In this paper, we introduce a framework that allows NURBS subdivision curves to be defined on the sphere and ellipsoid in a multiscale manner. This is achieved via modification of a repeated invertible averaging (RIA) framework for spherical B-Spline curves, which is constructed in terms of spherical linear interpolations. By incorporating vertex weights into the interpolation parameters of individual operations, and by generalizing the linear interpolations to other manifolds, we can define multiscale NURBS on several types of surfaces. We explore an application to the multiscale representation of geospatial vector data and present an optimization method that automatically assigns NURBS vertex weights to curve vertices.

Introduction

When it comes to curve design, freeform curves such as Bezier, B-Spline, and NURBS curves are well-understood and widely utilized. NURBS curves are particularly notable; through the use of vertex weights, they feature improved control over other types of curves and the ability to represent conic sections exactly. As a result, NURBS curves have become ubiquitous in CAD/CAM as well as in numerous industry standards [1].

The popularity of each type of freeform curve has naturally inspired a variety of works that generalize these curves to other spaces. The surface of a sphere has been an especially prominent target for such generalizations, as curves on the sphere have several applications in geospatial vector representation [2], the creation of rotation splines for key-frame animation [3], and the generation of tool paths for five-axis machining [4]. The mathematical elegance of the sphere itself has additionally provided fertile ground for various artistic endeavours, such as the creation of Islamic star patterns and Persian floral patterns (see, e.g., [5], [6]).

However, many such works are unable to represent their spherical curves in a multiscale manner (for the purposes of, e.g., editing, data transmission, or level-of-detail rendering). In order to address this, the work of Alderson et al. [2] proposed a methodology by which B-Spline curves on the surface of a sphere could be represented in a multiscale manner. The method, which we refer to as repeated invertible averaging (RIA), is based on a modified version of the Lane-Riesenfeld algorithm [7] and uses a sequence of SLERP (spherical linear interpolation; see [8]) operations to perform its calculations. Via replacement of SLERP with an analogous interpolation method defined along geodesic lines (say, Interp(p, q, u)), the method can be easily generalized to other manifold surfaces.

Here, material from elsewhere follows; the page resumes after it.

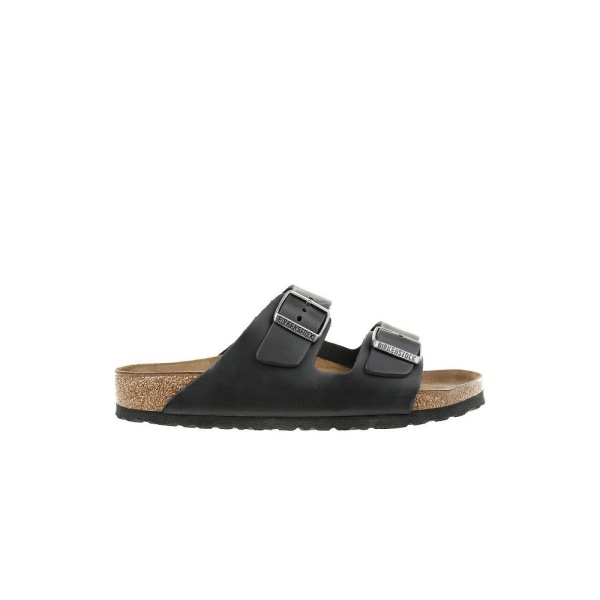 Tøffel Birkenstock Arizona Sort 43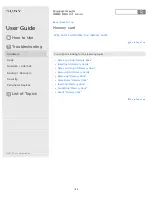 Preview for 199 page of Sony SVD1321 User Manual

In order to bring the same freedom of representation to spherical NURBS curves, we introduce a modification to RIA that allows it to represent NURBS curves at multiple scales on the surface of the sphere (and any other manifold supported by RIA). In essence, this modification converts the interpolation parameter u into a function of the NURBS vertex weights, based on the observed effect of the geometric interpretation of NURBS curves (see [1]) on individual interpolation operations. We demonstrate use of the modified framework in the creation of subdivided and reverse subdivided spherical NURBS curves, and explore an application of this framework to representing geospatial vector data. We additionally utilize an implementation of the algorithms described in [9] to create multiscale NURBS curves on ellipsoids of revolution.

The paper is organized as follows. In Section 2, we review a selection of related works. Sections 3 and 4, respectively, provide overviews of the RIA framework and the geometric interpretation of NURBS curves. Our modification to the framework is described in Section 5, followed by a discussion on geospatial vector representation in Section 6. Results may be found in Section 7 and conclusions in Section 8.